Starting at the line that contains "Ручной цифровой анемометр", write out each line through the end of the data below, exactly as it stands. Skip any pictures.
Data for the task section start
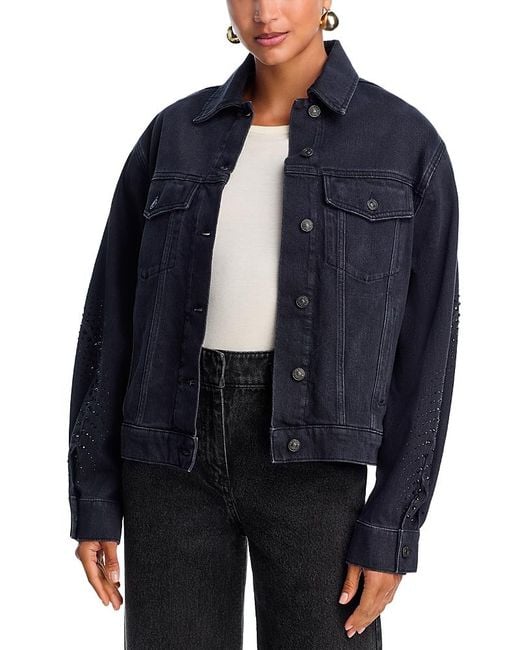 7 For All Mankind Blue Twisted Jacket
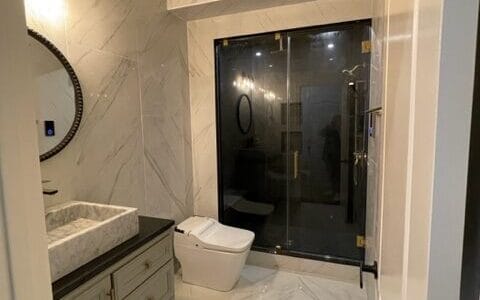 Luxury marble bathroom remodeling project
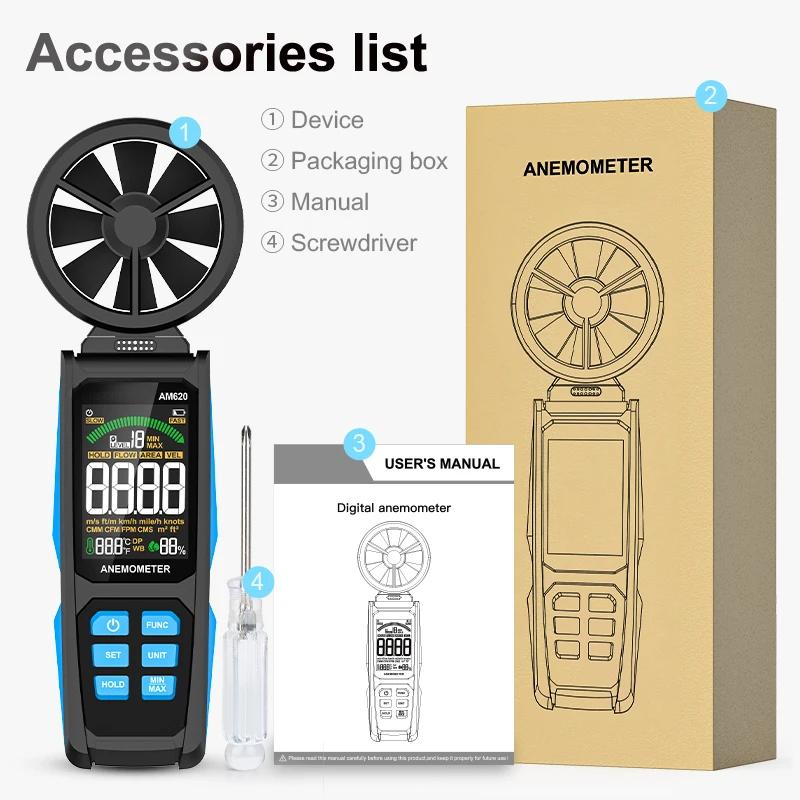 

Ручной цифровой анемометр с ЖК-подсветкой, шкала скорости ветра, точное измерение скорости ветра и температуры синий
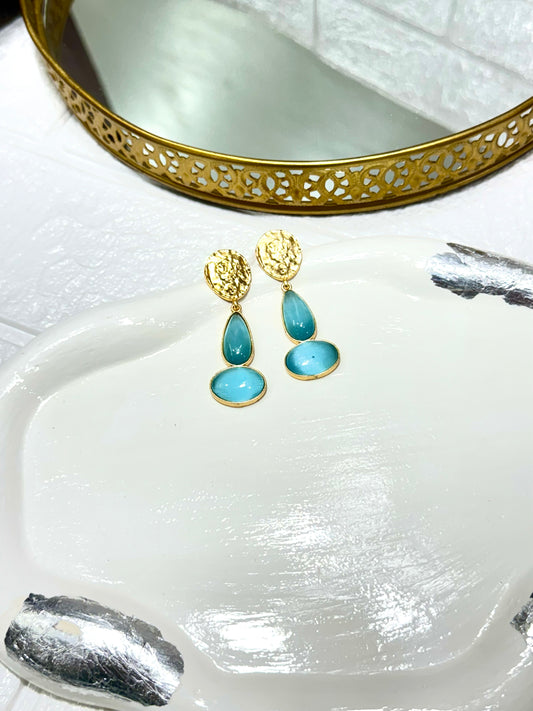 Blue Hammered Disc Drop Earrings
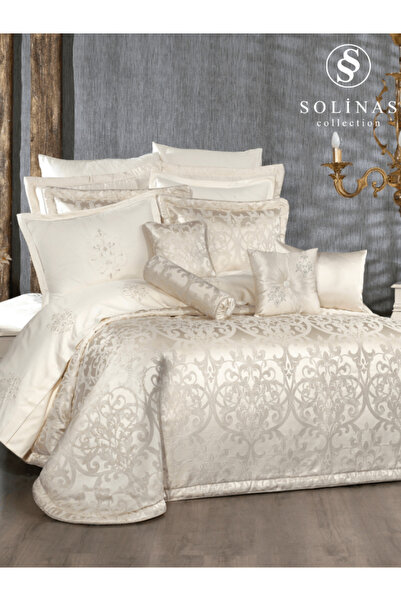 Solinas Collection Eliz Krem – Gold Simli Çeyizlik Çift Kişilik Yatak Örtüsü ...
Data for the task section end
| The answer |
Ручной цифровой анемометр с ЖК-подсветкой, шкала скорости ветра, точное измерение скорости ветра и температуры синий
 Blue Hammered Disc Drop Earrings
 Solinas Collection Eliz Krem – Gold Simli Çeyizlik Çift Kişilik Yatak Örtüsü ...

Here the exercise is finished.